For reference on the above, take a look in your settings for the New Draft Creation section at the top and in particular the New Draft After and Focus mode settings.

But, all is not lost :wink:

I’ve had a quick go at putting together an alternative Captain’s Log action. Instead of using the File action it uses a Script action to accomplish the same sort of thing, but with a bit more besides.

The key assumption here is that the last draft you modified is the one that you want to append details for to the log. Based on this assumption, the script first identifies the last modified draft. It loads it into the editor. This is hopefully quick enough that you won’t even notice a blank draft was there initially. The second part of the script then builds the log file.

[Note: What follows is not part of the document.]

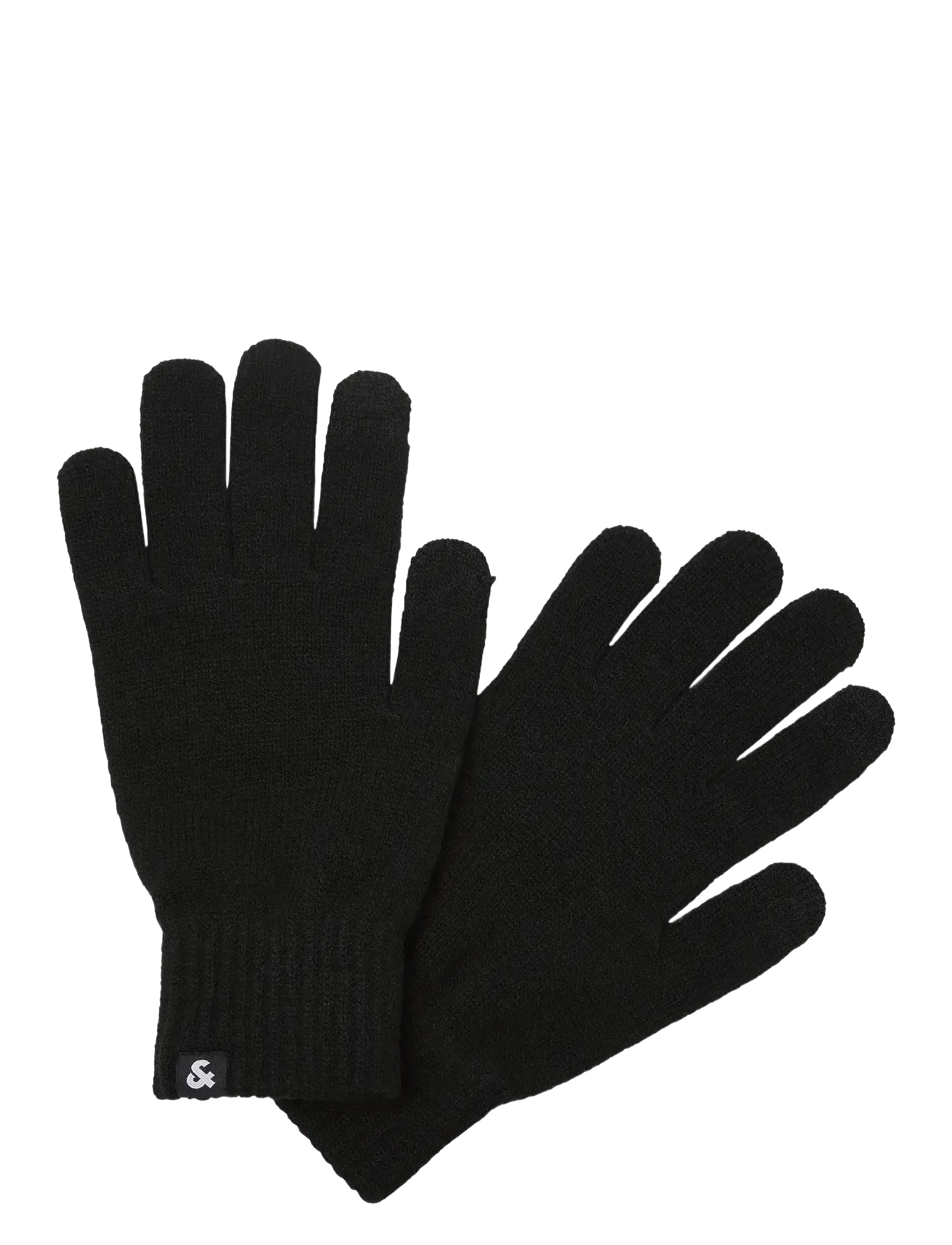 Jack & Jones - JACBARRY KNITTED GLOVES SN - kollektionen - black - 2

Below is what the script looks like. Hopefully you can make sense of the key elements I replicated from your initial action.

//Load the last modified draft
let allDrafts = Draft.query("", "all", []);
allDrafts = allDrafts.sort(function(draftA, draftB)
{
	return draftB.modifiedAt - draftA.modifiedAt
});
editor.load(allDrafts[0]);


//Get the current log content
let fmCloud = FileManager.createCloud();
let strLogPath = "/Logs/Log-" + draft.processTemplate("[[date|%Y-%m]]") + ".txt";
let strLogContent = fmCloud.read(strLogPath);

//Append the new log content to the existing content
strLogContent += draft.processTemplate("[[date]]");
strLogContent += " ";
strLogContent += draft.processTemplate("[[time|%R]]");
strLogContent += " ";
strLogContent += draft.processTemplate("[[tags]]");
strLogContent += " : ";
strLogContent += allDrafts[0].content;
strLogContent += "\n";

//Write the revised content back to the log file
fmCloud.write(strLogPath, strLogContent);

I did try to queue up the original action at first after loading the last modified draft, but even after loading that draft, the ‘draft context’ the queued action took was the original blank draft. Hence why I reproduced the file action in the script.

In my tests, this worked just fine when run from the actions list and from a Siri command. Hope it works for you too, but let me know if it has any issues.

1 Like

Oh my goodness, you’ve gone above and beyond! I’m very grateful! I shall give that a spin later and report back.